Please refer to the following paper for a detailed description: D.
Sornette and W.-X. Zhou, The US 2000-2002 Market Descent: How Much Longer and Deeper? Quantitative Finance 2 (6), 468-481 (2002) (e-print at http://arXiv.org/abs/cond-mat/0209065).
Why Stock Markets Crash: For a general presentation of the underlying concepts, theory, empirical tests and concrete applications, with a discussion of previous predictions, see the recent book, Why Stock Markets Crash.
Our analysis [1,2] has confirmed that the USA stock market antibubble has entered the second-order Landau regime. The first figure shows the modeling and prediction of the US S&P 500 index from 2000/08/21 to 2005/08/16 using the second-order Landau LPPL formula as well as the third-order Landau LPPL formula (LPPL stands for log-periodic power law). See [3,4] for a derivation and use of the third-order Landau formula in the context of the Nikkei antibubble from 1990 to 2002. The second figure shows the modeling and prediction of the Value Line Arithmetic Index.
We have included the third-order Landau LPPL forecast because we believe it is possible that the market is undergoing a transition from the second-order regime that started approximately at the end of 2002 to the third-order regime, after more than 2.5 years. We note the very large arch of the fit with the second-order Landau LPPL formula, which suggests (technically) a significantly stronger nonlinearity than previously experienced during the Nikkei antibubble from 1990 to 2002.
Figures 3 and 4 show the same two indices (US S&P 500 and Value Line Arithmetic Index) together with 20 scenarios. These two figures are presented to remove the misleading impression given by the two preceding figures and some of our previous updates, that our forecasts are deterministic. Actually, they only represent a most probable outcome. To make this statement more precise, we generate 20 equiprobable scenarios by using a so-called bootstrap technique. The idea is simple. Our model assumes that the price trajectory results from the interplay between organizing ``forces'' and stochastic influences. Thus, the residues
or differences between our fits and the prices give an estimate of the stochastic influences.

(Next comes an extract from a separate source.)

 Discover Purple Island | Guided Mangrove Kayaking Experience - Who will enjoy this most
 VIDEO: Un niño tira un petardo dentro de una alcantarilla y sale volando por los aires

By resampling these stochastic influences, we create artificially different pasts, which can then each be fitted by our two formulas, each past thus providing a plausible scenario for the future.
Technically, we have proceeded as follows. First, we fit the real time series (S&P 500 and VAY) using the second-order Landau LPPL formula. Thus, we obtain a residuals time series (one for each price). This residual time series is divided into sub-series with a time span of 21 trading days (almost a month). Then we reshuffle the residuals in the monthly scale to obtain new reshuffled time series. Then we fit the new time series using both the second-order and the third-order Landau LPPL formulae. The reshuffling and fit are performed 10 times, giving 10 additional future scenarios for each formula.
It is interesting to note that, while most of the scenarios are bearish on the S&P500, there is the potential (3 out of 20) for a continuation of a moderate growth over the next year. In contrast, for the
Value Line Arithmetic Index, most of the scenarios forecast a flat or slightly increasing market over the next year.
[1] Zhou, W.-X. and D. Sornette, Testing the stability of the 2000 US stock market "antibubble", Physica A 348, 428-452 (2005) (e-print at http://arxiv.org/abs/cond-mat/0310092).
[2] Zhou, W.-X. and D. Sornette, Fundamental factors versus herding in the 2000-2005 US stock market and prediction, in press in Physica A (http://arxiv.org/abs/physics/0505079).
[3] Johansen and D. Sornette, Financial ``anti-bubbles'': log-periodicity in Gold and Nikkei collapses, Int. J. Mod. Phys. C 10(4), 563-575 (1999) (http://xxx.lanl.gov/abs/cond-mat/9901268)
[4] A. Johansen and D. Sornette, Evaluation of the quantitative prediction of a trend reversal on the Japanese stock market in 1999, Int. J. Mod. Phys. C Vol. 11 (2), 359-364 (2000) (http://arXiv.org/abs/cond-mat/0002059)
THIS IS AN EXPERIMENT PERFORMED IN REAL TIME AND WE WILL CONTINUE
UPDATING EVERY MONTH.
REMEMBER THAT this analysis is for academic purposes only and must
not be construed as investment or trading advice.